1. It takes a two-man army to map our aerial typographic views

Benedikt Groß, a German speculative designer, and Joey Lee, an American geographer, teamed up in 2012 and together made the Big Atlas of LA Pools - a collection of 74 books cataloging all of the pools in Los Angeles. 

“We were surprised by how much data we could generate and became more and more fascinated with the process of mapping features from aerial imagery”.  

 

2. We dont know what we inhabit

Discovering the world from above is a task of great proportions for Benedikt and Joey. “Contrary to popular belief, much of the world has not been mapped. While nearly the entire earth has been photographed from space, there are still gaps in what features are embedded in those images. Only by processing, filtering, drawing onto them, and semantically enriching these images can we understand what features exist in that space.
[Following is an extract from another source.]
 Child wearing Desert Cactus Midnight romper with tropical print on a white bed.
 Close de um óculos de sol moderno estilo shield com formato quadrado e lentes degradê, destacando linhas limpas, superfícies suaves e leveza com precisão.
Whether it is done through manual labor or automated through computer vision, there are still many things left to map in the world” they add while searching for what Earth really looks like from above.

 

3. Kickstarting is the way to go

Any creative mind, any project, any graphic designer, any typophile, any scientist with an idea has Kickstarter on his side. “As a followup to the Big Atlas of LA Pools, we decided to scale up our efforts”. To “read the landscape”, this is how they define their new task. “We are now embarking on a journey to find letterforms in the earth’s surface. Using Kickstarter to generate funding support, we will attempt to build the first map and typeface of the earth by developing a set of unique image processing algorithms and tools which can be accessed by supporting the project.”

 

4. The typography of Earth will be an amazing typeface obviously

It is a call to inspiration and a tool for creation or, to put it briefly, the following 33 words sum up why we like the Aerial Bold typographic project. “Along with making a fun project that will result in a usable typeface for your favorite word processor we will provide a huge amount of data for people to use in their typographic/geographic/art.” Sounds great.

 

5. We are not alone

Joey and Benedikt are not referring to some alien life-form. They are talking about the typography of our lovely Big Blue Dot. The quest to find letterforms in geography has been a fascination shared by many different people for many years. Projects such as Laura Devendorf’s “AnyType”, Amandine Alessandra & Rute Nieto Ferreira’s “The Big Letter Hunt” and Louise Dib’s “WorldType”  are testaments to people’s interest finding familiar shapes in space. Carl Sagan would be so proud of them.

 

6. This is their mojo

“What makes Aerial Bold unique is the attempt to make an extensive, global catalog of these letterforms as well as develop a set of automated tools to do so.”

 

7. We support here.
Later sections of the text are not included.